# EcoBond LBP and Lead Out



## BreatheEasyHP

What's the deal with these? I don't understand how I'd use these.


----------



## BreatheEasyHP

Nobody knows? 

Seriously, the EcoBond makes it sound like you can apply it and then scrape without following RRP. I can't be understanding it right, but what's the deal?


----------



## Dean CRCNA

From what I am reading on Ecobond ...

They are saying it acts like a spray on plastic sheeting as such.
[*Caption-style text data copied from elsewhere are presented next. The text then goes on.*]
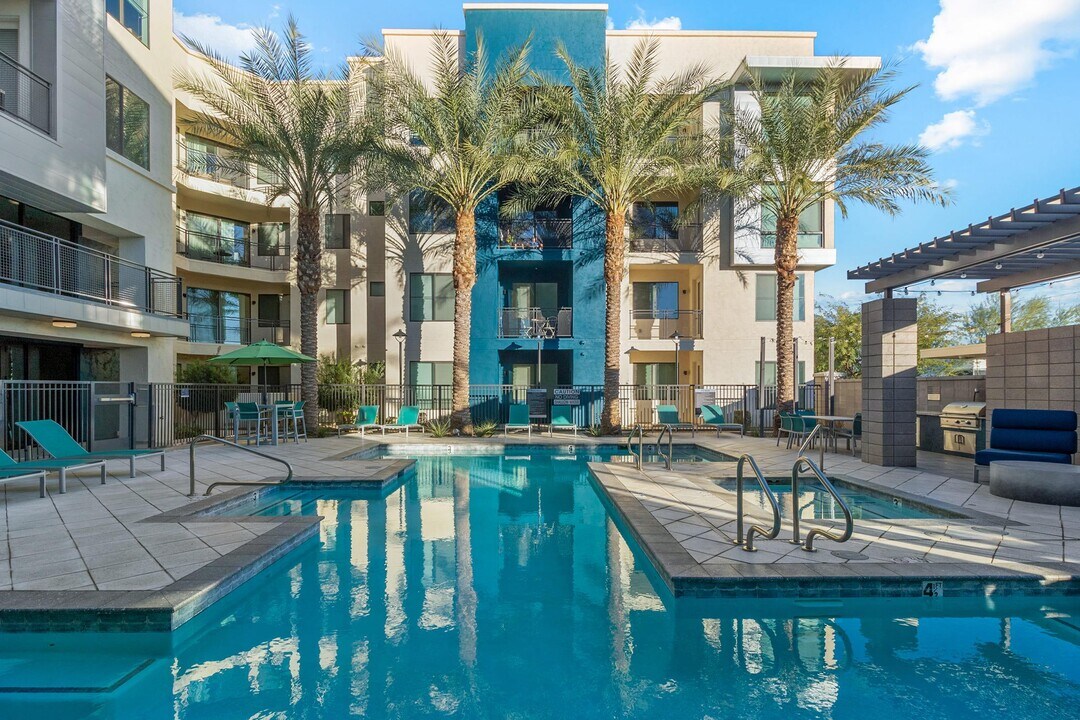 View 32 in Phoenix, AZ - Building Photo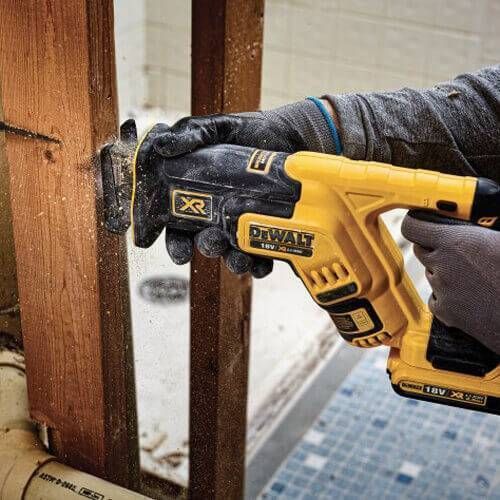 Пила DeWALT DCS367P2 сабельная, Li-lon, 18В, 2900 ход/мин. DCS367P2 фото
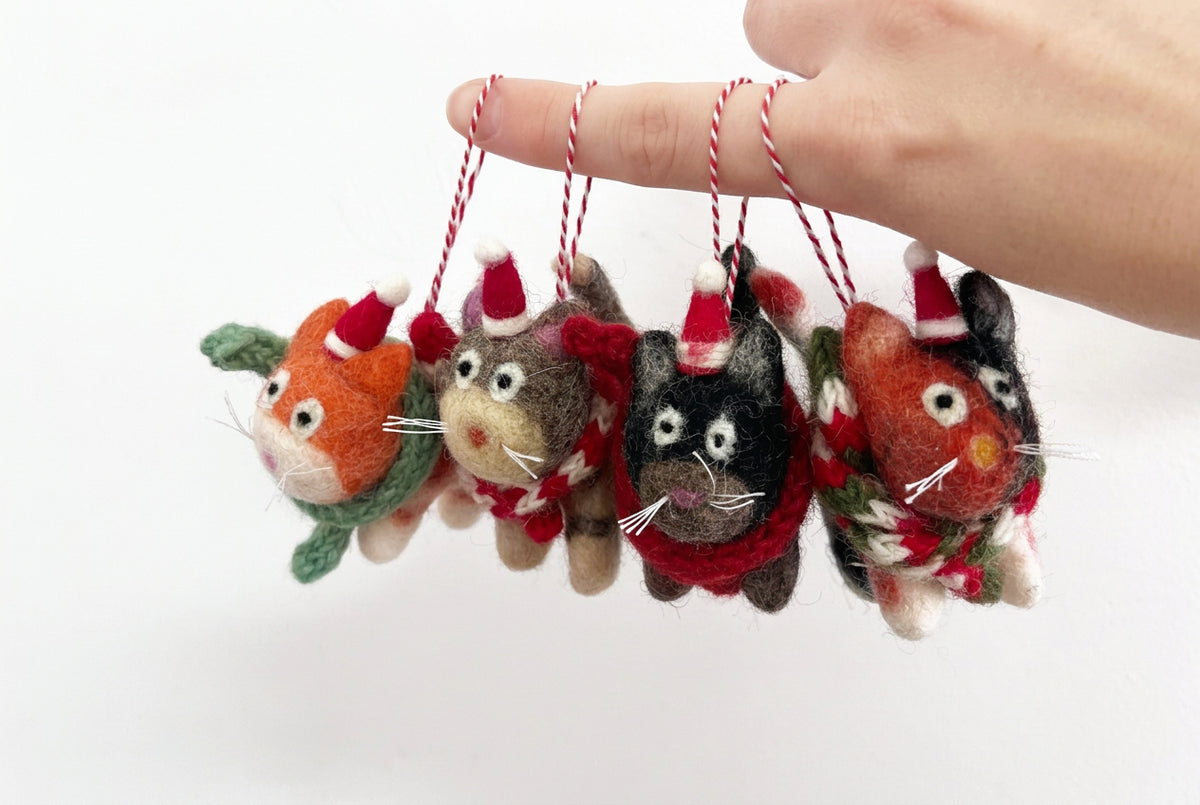 ethik felt || tiny cute cats (Copy)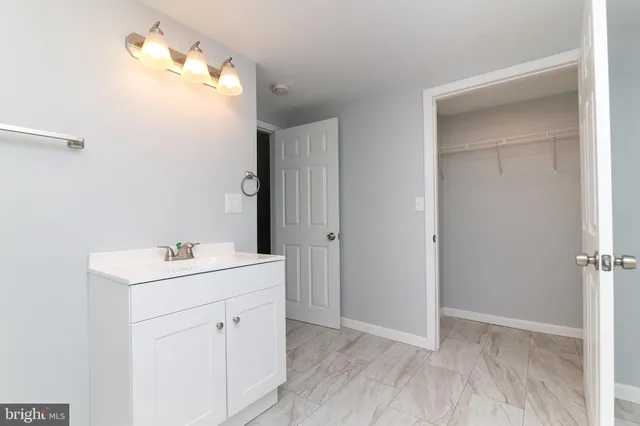 $2,350 | 516 Brooke Avenue, Magnolia, NJ 08049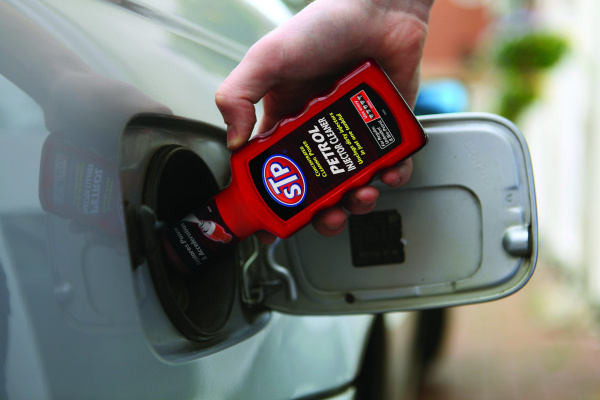 Очиститель топливной системы бензинового двигателя 200 мл STP 51200EN0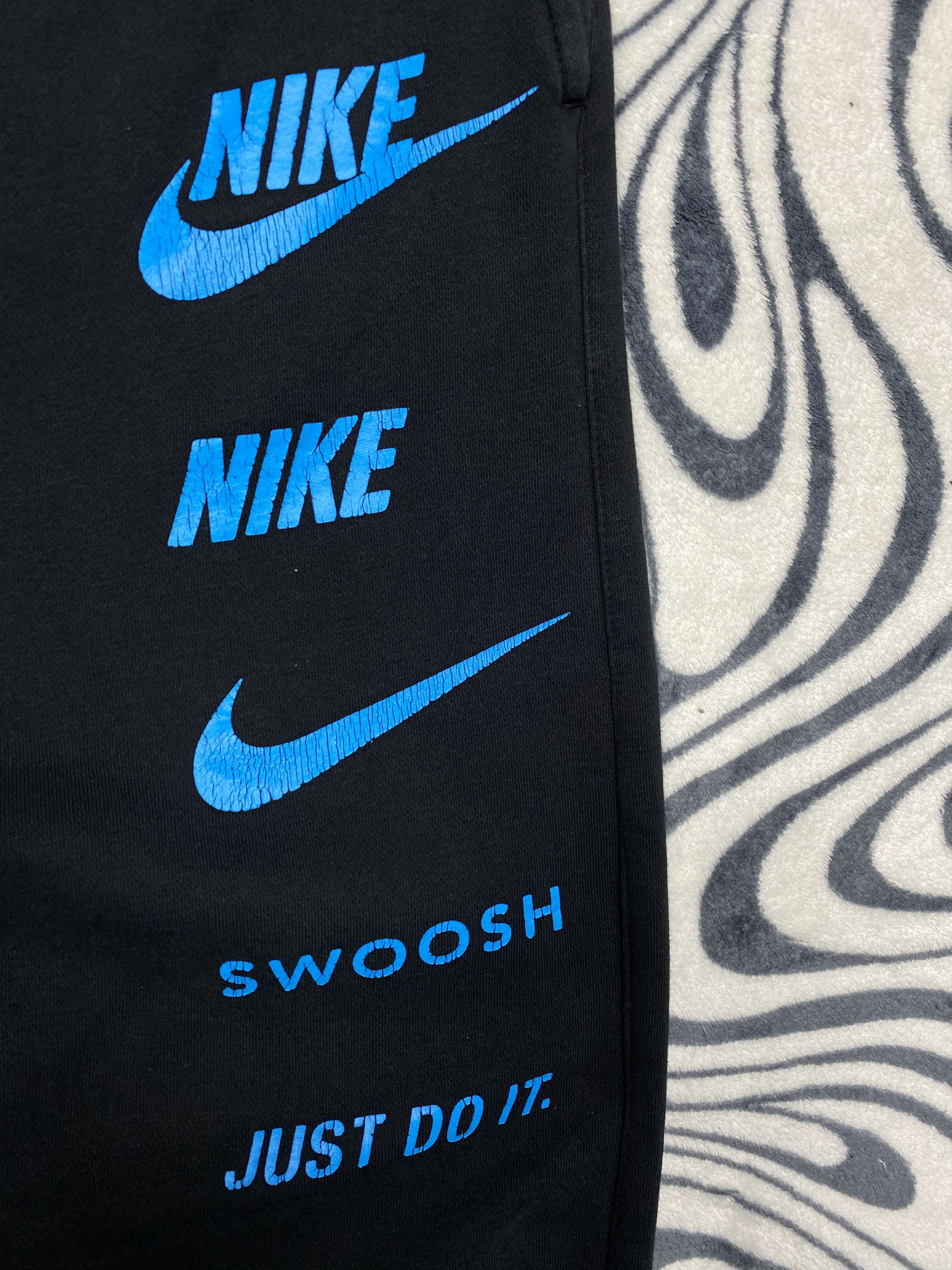Nike Nike Mens Baggy Cargo Sweatpants Y2K Pants Size US 32 / EU 48 - 3 Thumbnail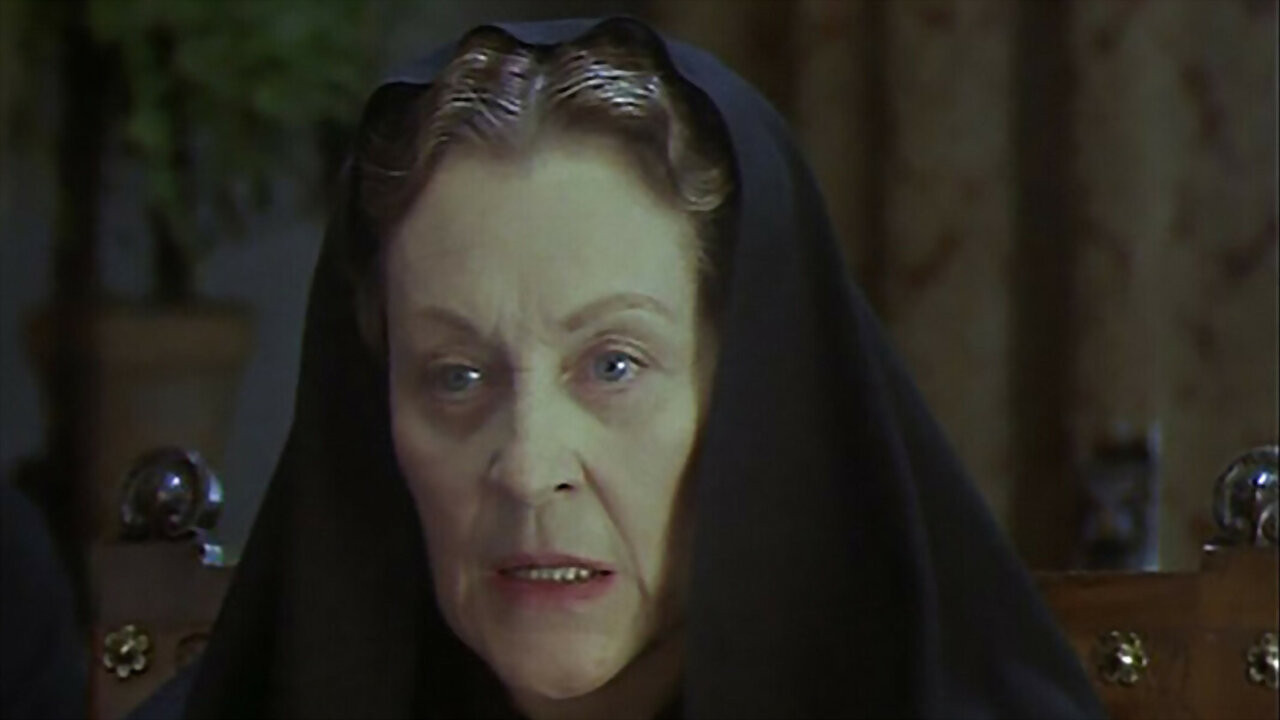 La casa de Bernarda Alba Background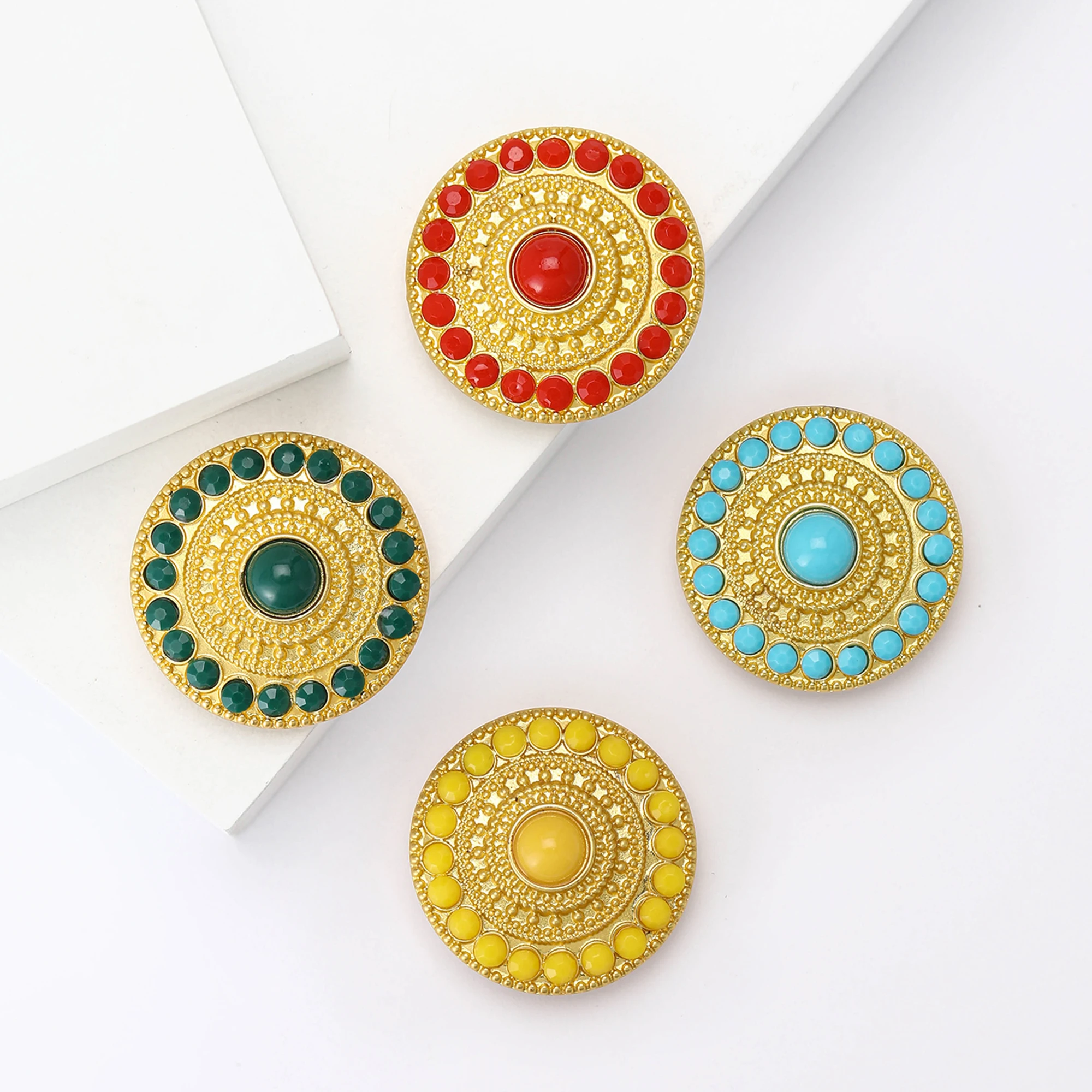 Beaut&Berry Bohemian Turkish Pearl Flower Brooches for Women Unisex Turquoise Pins Casual Party Accessories New Gifts Friends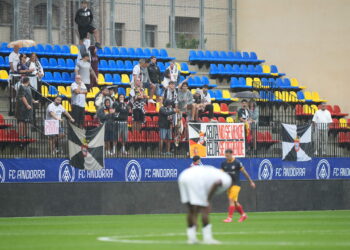 fc-andorra-ad-ceuta-chaparron-dentro-fuera-campo
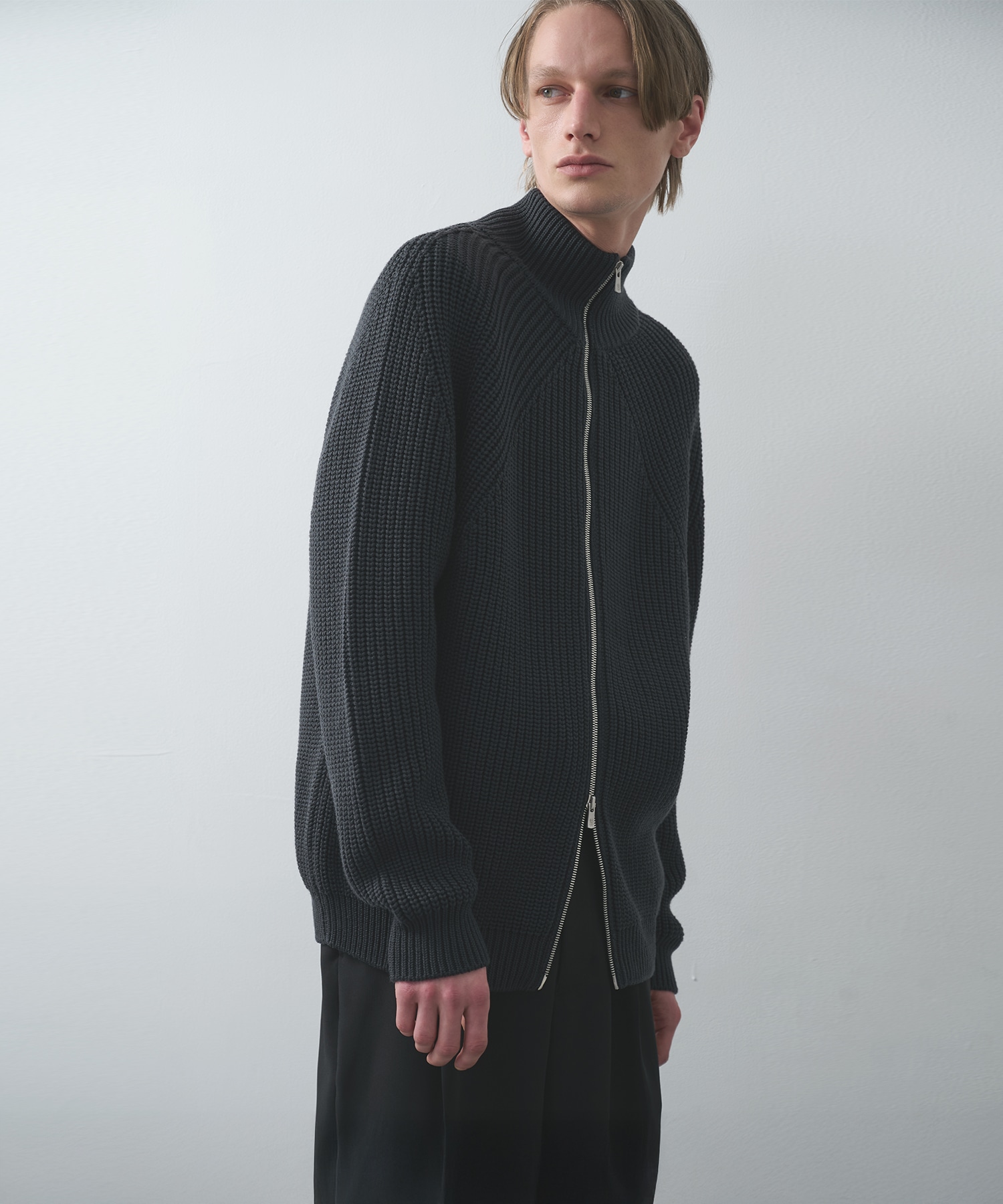 DARK GREY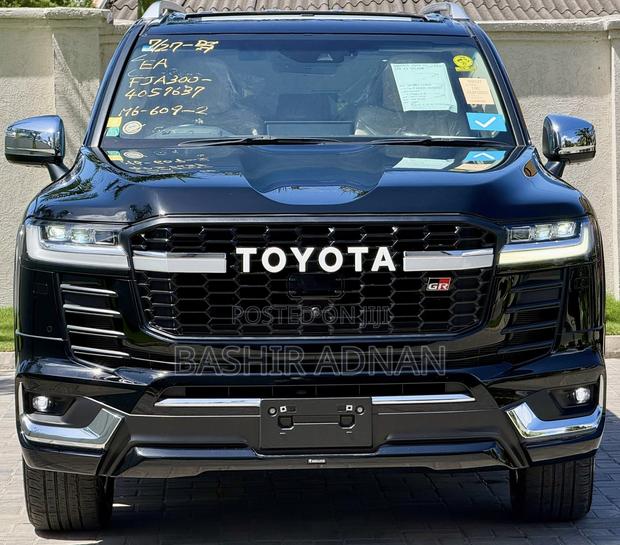Toyota Land Cruiser LC300 2023 Matt Black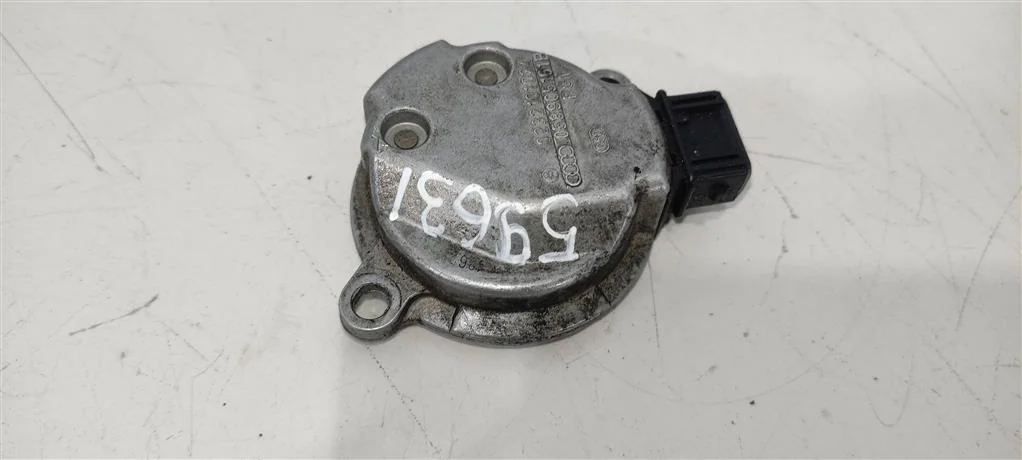 Датчик распредвала 058905161B  1.8 Турбо бензин A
It also can be used as a primer.

In short it is a short term encapsulate.


----------



## Dean CRCNA

Lead Out is a MBS which changes the lead into a sulfide ... thus, no lead. Lead Out is a chemical stripper, so you have to strip all paint. The only big advantage I see, is that of disposal (if your state laws prohibit disposal of lead in city dump).


----------



## BreatheEasyHP

Dean CRCNA said:


> From what I am reading on Ecobond ...
> 
> They are saying it acts like a spray on plastic sheeting as such.
> 
> It also can be used as a primer.
> 
> In short it is a short term encapsulate.


 
So if I understand you right, it is _not _saying that by applying it you can then scrape paint without full RRP measures, in which case I reason that it's not an better than Peel Bond - you still have to scrape and prime. 

I think I'm being silly, I should just call a rep already.:no:


----------